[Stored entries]

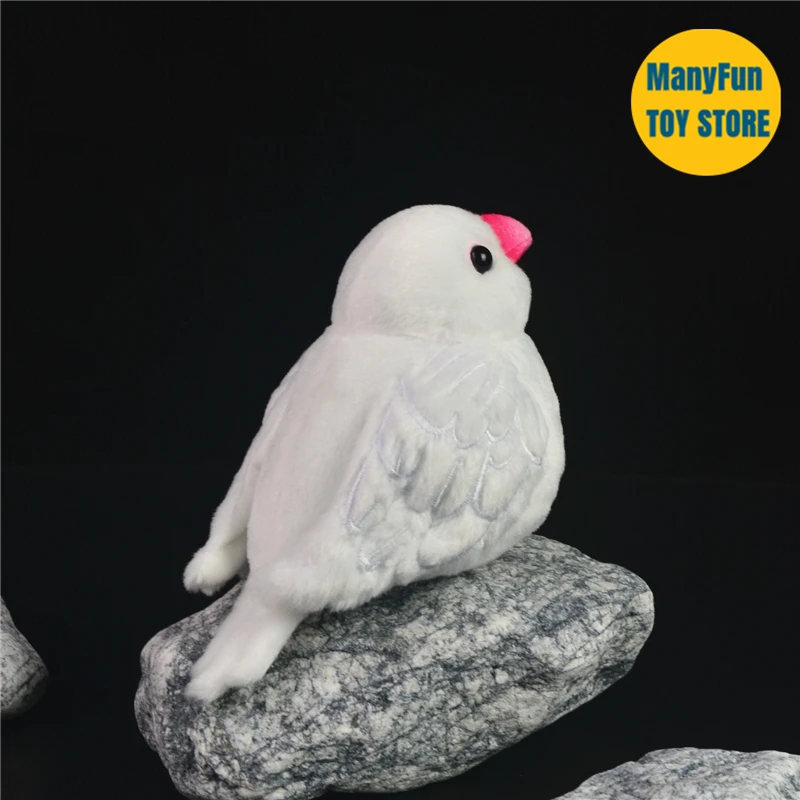 Mannikin High Fidelity Weaver Bird Cute Plushie White Java Sparrow Plush Toys Lifelike Animals Simulation Stuffed Doll Kawai Toy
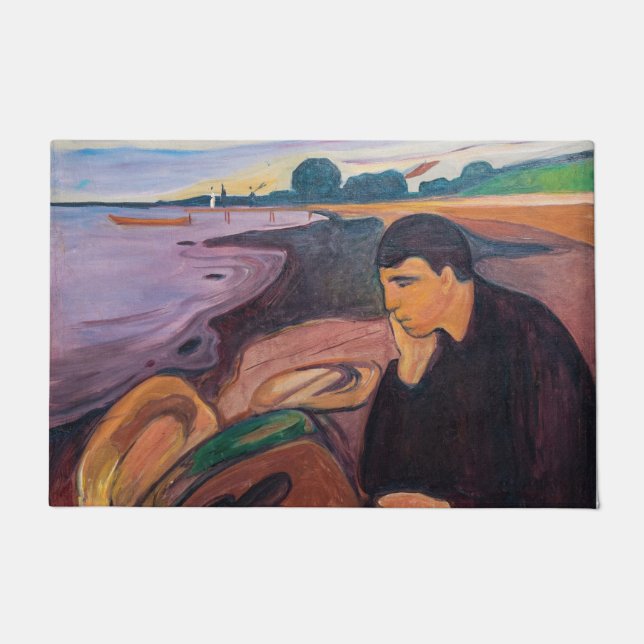 Edvard Munch - Melancholy 1894 Doormat (Front)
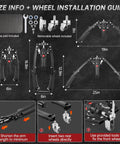 Upgrade Your Home Gym With This Badass 3 In 1 Twister Arm Trainer. Size info and wheel installation guide shown.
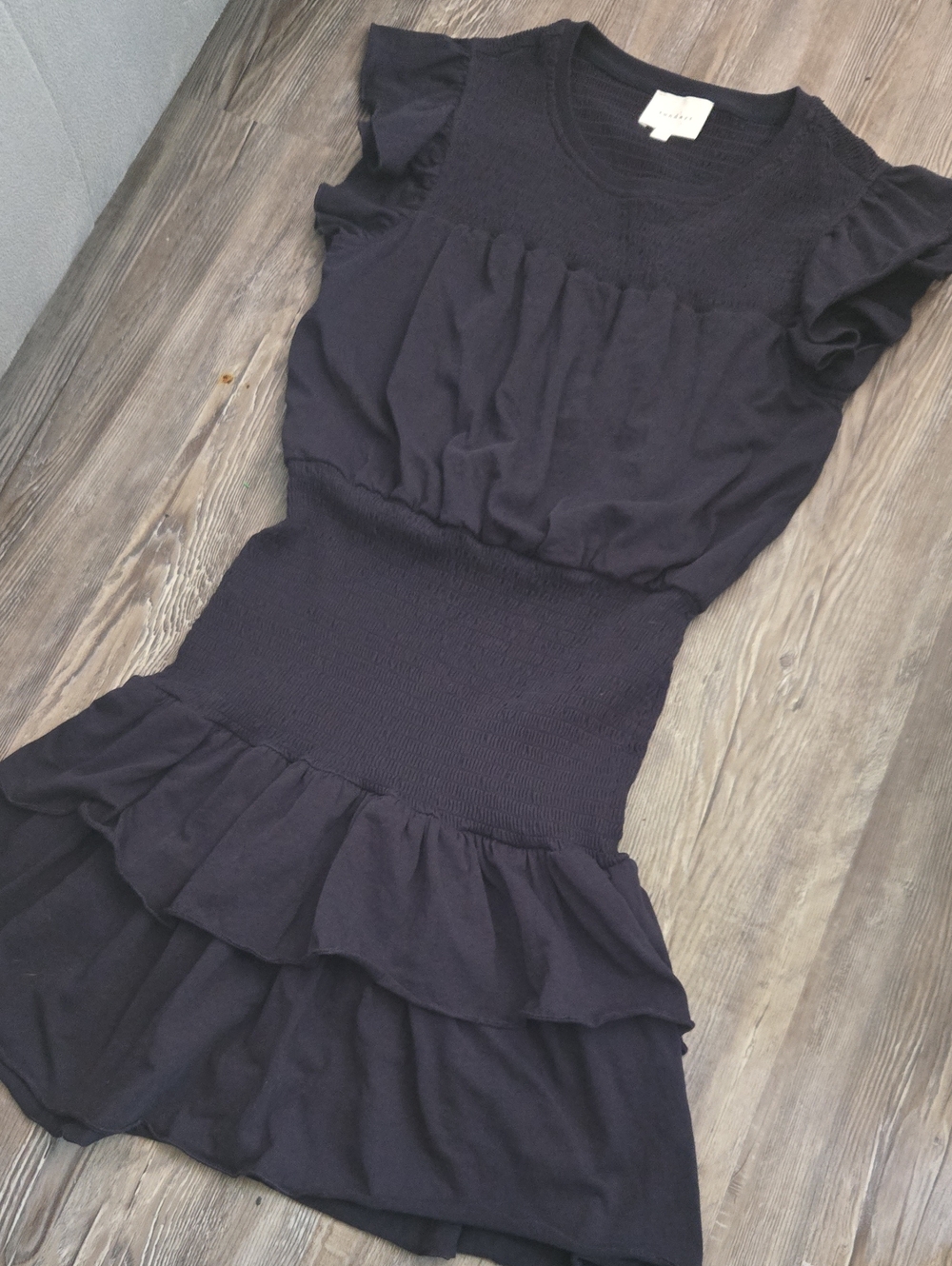 sundays Black Ruffle Short Sleeve Knit Mini Dress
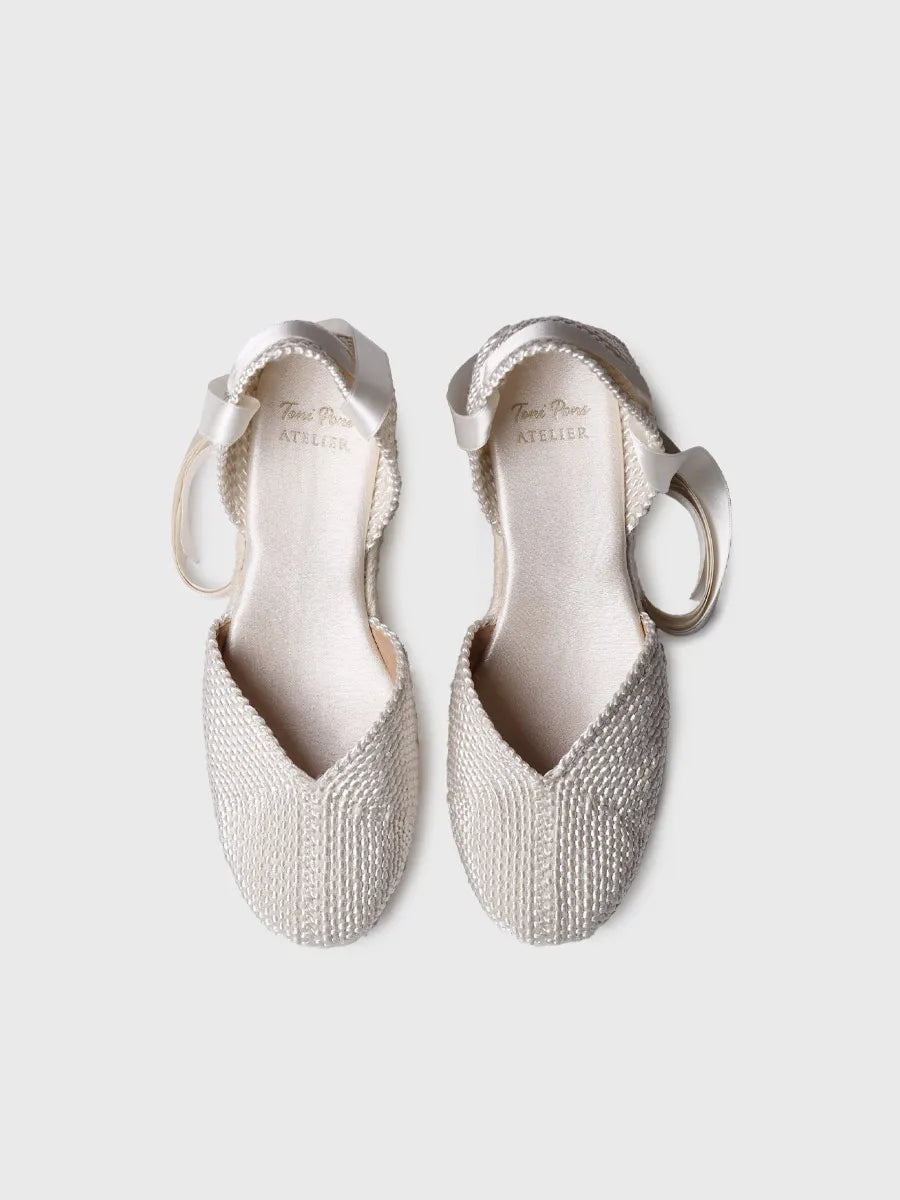 Toni Pons Coralie espadrille compensée satin rubans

Task prompt — Your task is to write out, exactly and without pictures, only the lines from the one holding "sundays Black Ruffle" to the last line of the data.

Result below —
 sundays Black Ruffle Short Sleeve Knit Mini Dress
 Toni Pons Coralie espadrille compensée satin rubans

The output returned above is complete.